In a large SEER cohort, dissection of 15 lymph nodes was proposed to ensure adequate pathological staging of pancreatic cancer for better OS definition, according to the International Study Group on Pancreatic Surgery (ISGPS) consensus [24]. In a secondary analysis of RTOG 9704, lymph node parameters, including increased positive lymph node, total node dissected (≤ 15) and the ratio of the positive lymph node to total node dissected (> 33%), were found to be prognostic for OS and DFS [25]. We did not find a correlation with the N stage and survival, but there was a trend for worse OS with 3 or more positive lymph nodes. The importance of other pathologic factors is less clear. In a large systematic review, the impact of vascular invasion (VI) and perineural invasion (PNI) were mentioned, although they found a weak association with survival. They also found lower PNI (%37) and VI (17%) rates, in contrast to our study of more than 85% [26]. In the present study, we noted that VI was associated with worse survival. An ongoing study explores a novel PNI and VI scoring system and correlation of adverse factors with disease free survival (NCT04024358).

Our approach is to suggest adjuvant C-RT based on risk evaluation. There are also publications that support C-RT in all situations. Two institutions that treat high-volume patients with pancreatic carcinoma reported that survival with C-RT improved in all risk groups compared to surgery alone (median survival 21.1 vs. 15.5 months) [27]. The majority of our patients had T3–4 tumors (92%), close/positive resection margins (63%), and positive lymph nodes (71%). Compared to other randomized studies, our study group included more patients with high risk factors. Although having more patients with negative prognostic factors, we observed lower locoregional relapses compared to favorite randomized trials (29% vs. 28–60%), whereas consistent with RTOG 9704 (28%).

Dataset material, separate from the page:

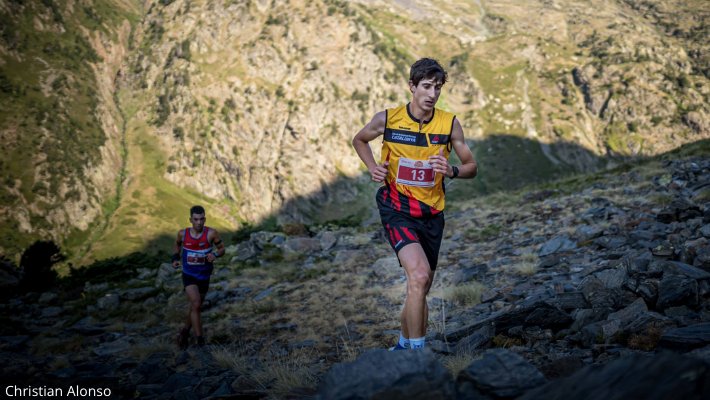 El santjoaní David Rovira durant la cursa a Andorra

In this study, the most commonly seen site of recurrence was the retroperitoneal tissue which was in the radiation field. This might be due to the high rate of positive retroperitoneal margins. Similarly, in an analysis of local control with IMRT, most of the recurrences were found in the 45 Gy isodose-line for resected pancreatic carcinoma [28]. In-field recurrence is reassuring in terms of the quality of target volume definition while showing the radioresistant clones. Dose escalation to the highest risk regions may have an impact on local control. IMRT facilitates dose escalations, improve the toxicity profiles, and the patients’ quality of life. A study with concurrent fixed-dose rate gemcitabine in locally advanced pancreatic cancer showed that dose escalation to 55 Gy could be safely used with IMRT and breath hold techniques [29]. SCALOP-2 trial has recently tested the intensification of radiation dose (50 vs. 60 Gy) with a radiosensitizer nelfinavir in locally advanced pancreatic carcinoma [30]. At this point, it may be reasonable to intensify the dose with stereotactic body radiotherapy (SBRT) in neoadjuvant setting of borderline resectable pancreatic carcinoma to achieve a higher local control and negative surgical margin.

An important limitation of the data reported here is that this is a single-center retrospective study with a small group of patients, which significantly restricts findings. Another limitation is that we could not reach the serum level of the tumor marker CA 19-9 of all patients and analyses were performed without taking this important prognostic factor into account. Regarding the treatment technique; we did not use any motion management strategy during the study period. Lastly, there is no comparison group that receives only CHT after surgery. It may be helpful to understand our institutional results related to the treatment types of all pancreatic cancer patients.

In conclusion; the majority of locoregional recurrences were found to be in the radiation field among pancreatic cancer patients treated with postoperative IMRT. This demonstrates the adequacy of CTV delineation according to RTOG contouring guideline but further research on dose escalation may be required. However, failures were predominantly distant, and improvement of systemic control may be of particular interest.

Conflicts of interest

None declared.

Funding

This publication was prepared without any external source of funding.